Heute, vor 73 Jahren, am 27. Januar 1945, befreiten sowjetische Soldaten das Konzentrationslager Auschwitz. Was sie dort vorfanden, muss für diese an Leid erfahrenen Soldaten unbegreiflich gewesen sein. Sie fanden: knapp 5800 unterernährte Häftlinge, davon 4000 Frauen. Ferner: fanden sie über 1 Millionen Kleider, 45.000 Paar Schuhe und 7 Tonnen Menschenhaar. Weit über 1 Millionen Menschen fanden in den Kammern von Auschwitz ihren Tod. Unbegreiflich ist es bis heute.

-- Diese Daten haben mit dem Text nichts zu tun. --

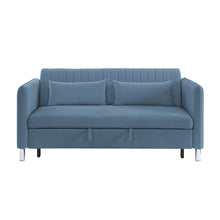 9406NBU-3CL Convertible Studio Sofa with Pull-out Bed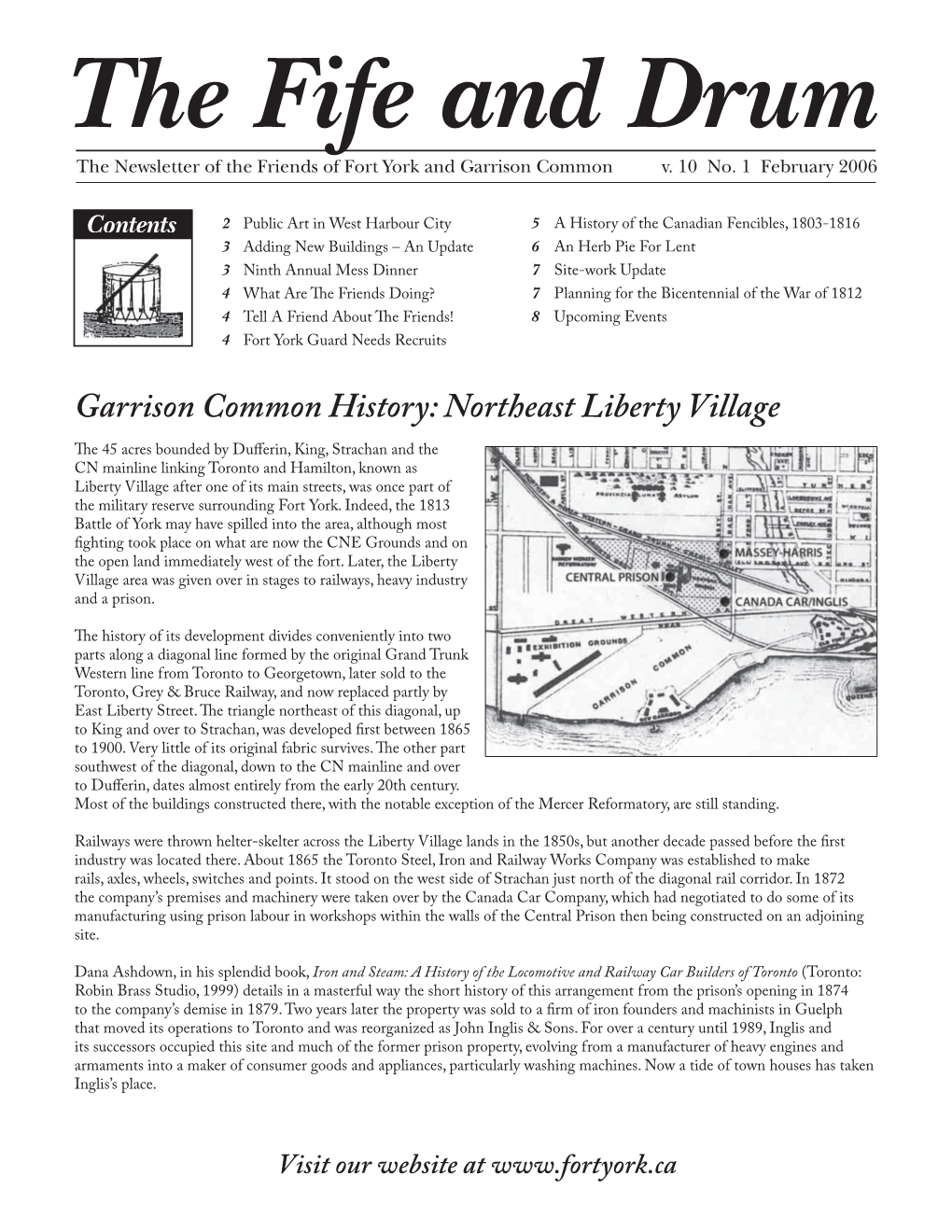 Garrison Common History: Northeast Liberty Village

Das dunkelste Kapitel deutscher Geschichte
Und mehr Zahlen: zwischen 5,6 und 6,1 Millionen Juden, 2,5 Millionen sowjetische („slawische“) Kriegsgefangene, zwischen 200.000 bis zu 1 Millionen Sinti und Roma, 200.000 Menschen mit Behinderungen. Alle ermordet. Dazu kommen Morde an den Zeugen Jehovas, an Homosexuellen und an politischen Oppositionellen. Das ist die Bilanz der nationalsozialistischen Raserei. Der einzelne Mensch droht in diesen Zahlen unterzugehen. Getötet wurden keine Menschen, keine Frau Rosenkranz, kein Herr Blume, sondern getötet wurden Menschen schlicht in ihrer Eigenschaft als Angehörige eines Kollektivs: als Jude, als Zigeuner, als Behinderter, als Andersdenkender. Massenmord, das ist für mich das schmerzlich treffende Wort für diesen Umstand. Denn natürlich wurden konkrete Individuen, Menschen mit einem Namen, einer Familie und einer Geschichte umgebracht. Und dennoch: Gestorben sind sie als Vertreter einer Gruppe, einer Abstraktion. Liegt hierin nicht der Kern des Schauderns vor dem Holocaust?